A multi-pixel photoconductive emitter is reported that generates THz beams with either azimuthal, radial or linear polarization states. Switching between the different polarization states was purely electrical, via the bias voltage applied, circumventing the need for mechanical polarization optics or different THz emitters to change the polarization. Dipole array modelling was performed to validate emitter array designs, and to explore their optimal bias configuration, while spatially-resolved electro-optic detection of the generated beams confirmed that cylindrical-vector beams were produced. We further demonstrate that the spatial beam profile was optimized by adjusting the bias level on particular pixels, improving the polarization purity of the beam.

Published by Optica Publishing Group under the terms of the Creative Commons Attribution 4.0 License. Further distribution of this work must maintain attribution to the author(s) and the published article's title, journal citation, and DOI.

1. Introduction

Due to their inhomogeneous polarization states, cylindrical-vector (CV) beams have properties distinct from those of Gaussian beams, which have uniform polarization. The fascinating features of azimuthal and radial CV beams under tight focusing conditions have been well reported and include: enhanced longitudinal electric or magnetic fields with respect to the transverse component [1], smaller spot sizes for focused beams than for linearly-polarized beams [2] and extremely long focal depths [3]. These special features are of interest in applications that include optical tweezers for trapping particles [4,5], image resolution improvement in microscopy [6,7] and particle acceleration [8].

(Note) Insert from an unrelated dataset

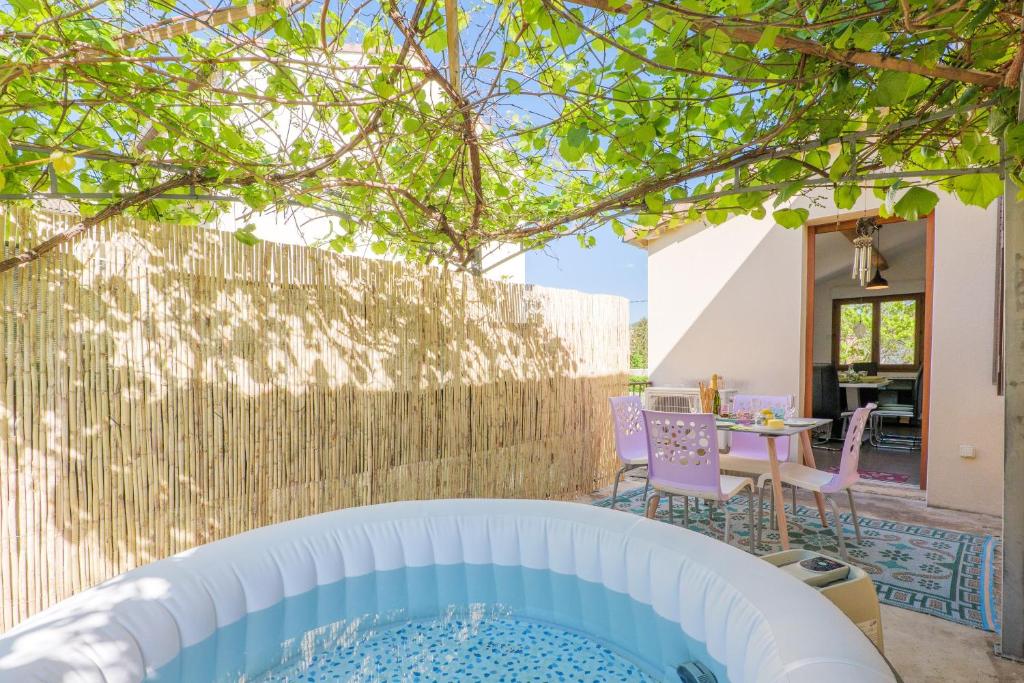 a hot tub in the backyard of a house at Gite en sud-ardèche avec jacuzzi in Joyeuse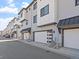 Modern townhomes showcasing sleek architectural design with private garages in a well-maintained community at 2078 S Holly St # 3, Denver, CO 80222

The demand for laser-driven terahertz (THz) sources has increased over the last decade and photoconductive interdigitated emitters [9] are attractive sources of pulsed broadband THz radiation. The generation of azimuthal and radial THz beams has been explored, for instance with an interdigitated electrode geometry [1012], or with a single pair of contacts [13], where the azimuthal or radial acceleration of charge carriers in the semiconductor substrate generated the respective CV modes. Alternative methods reported to produce azimuthal and radial THz beams without employing photoconductive emitters include: optical rectification via velocity-mismatch [14], air-plasma filaments [15], density modulated plasmas [16], segmented [111]-orientation GaP crystals [17] and a spintronic THz emitter used in conjunction with a triangular Si prism [18]. Radially-polarized THz beams can also be converted into vortex beams carrying orbital angular momentum [19].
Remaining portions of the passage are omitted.